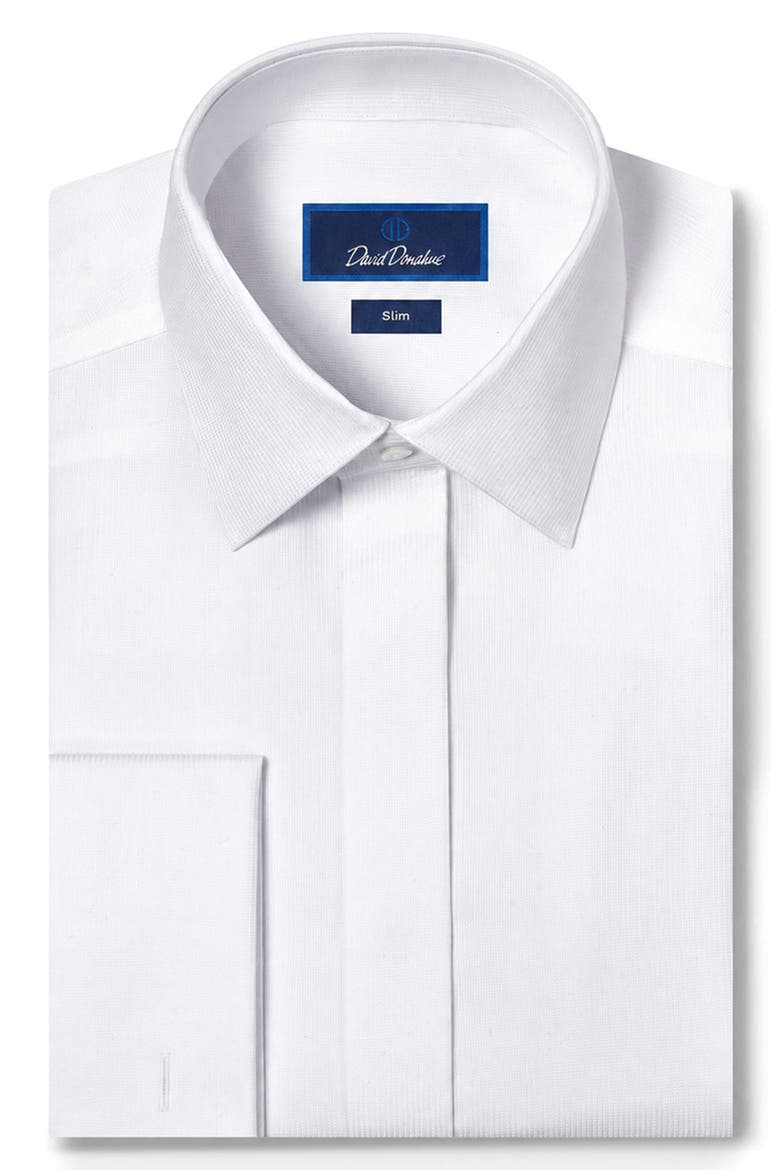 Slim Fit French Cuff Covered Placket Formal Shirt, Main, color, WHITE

---

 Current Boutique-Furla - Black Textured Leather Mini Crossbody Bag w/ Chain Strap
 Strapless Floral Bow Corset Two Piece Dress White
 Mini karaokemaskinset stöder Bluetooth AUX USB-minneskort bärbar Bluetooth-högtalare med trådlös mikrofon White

(GOAL OF THE EXERCISE): Across the entries, work out how many lines hold the word "Mini". Reply with that number only.

(YOUR SOLUTION): 2